The European Union said it will suspend efforts to work with Ukraine on a trade and cooperation agreement, as 200,000 pro-EU protesters gathered for a rally, marking the start of a fourth consecutive week of anti-government unrest.
The EU said on Sunday that Kiev's government has "no grounds in reality".
Stefan Fuele, EU enlargement chief, said on Twitter that he told Ukraine's first deputy Prime Minister Serhiy Arbuzov that the bloc would discuss a trade agreement, if Ukraine's government showed a commitment to sign it.
But Fuele said he has not heard back, so negotiations remain on hold.
US senators John McCain and Christopher Murphy met with Ukraine's President Viktor Yanukovich on Sunday - after addressing the pro-EU crowds in Independence Square.
"The way towards change goes through peaceful protest," Murphy told the cheering crowds. "And in America we stand in awe of the fact that, despite the violence on the square you have remained peaceful in support of change."

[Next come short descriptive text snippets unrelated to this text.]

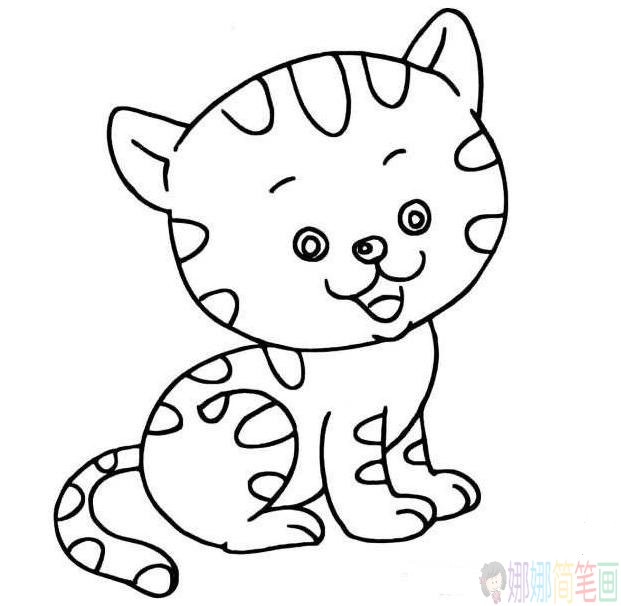 小猫钓鱼简笔画图片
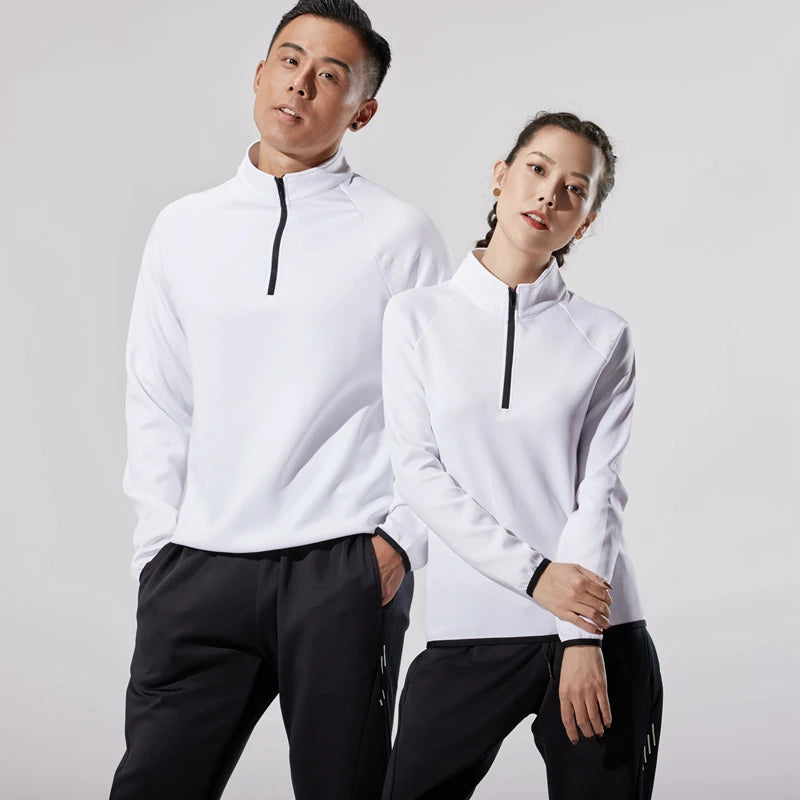 Long Sleeve Pullover 1/4 Zip Shirt Outdoor Casual Running Shirt Custom logo Fitness Jogging Shirts
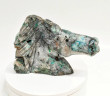 8.07" Polished QUARTZ MALACHITE CHRYSOCOLLA Horse Carving Peru T730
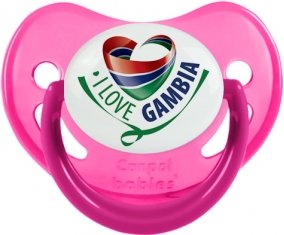 I Love Gambia Tétine Physiologique Rose phosphorescente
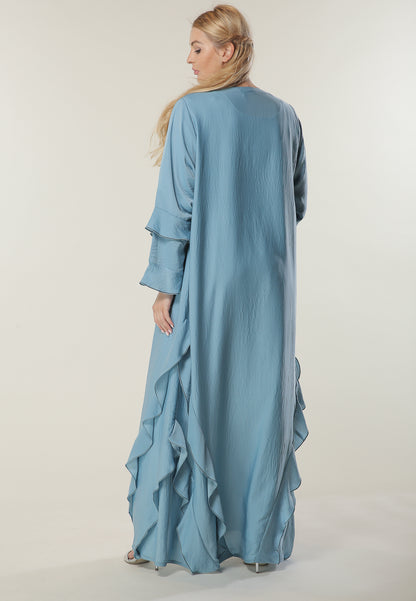 MOiSTREET Blue Casual Abaya with Frills on Hem (6701412090040)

McCain, a veteran of rabble-rousing US politics, told protesters that they were right to look to the west.
"I am a Republican, Senator Murphy is a Democrat - we are here together speaking for the American people in solidarity with you," he said.
"And the destiny you seek lies in Europe. Ukraine will make Europe better, and Europe will make Ukraine better... People of Ukraine, this is your moment. This is about you, no-one else. This is about the future you want for your country, this is about the future you deserve. A future in Europe. A future of peace. The free world is with you. America is with you. I am with you."
Meawhile, tensions are expected to mount yet further, as authorities organised a mass demonstration to counter the opposition's rally.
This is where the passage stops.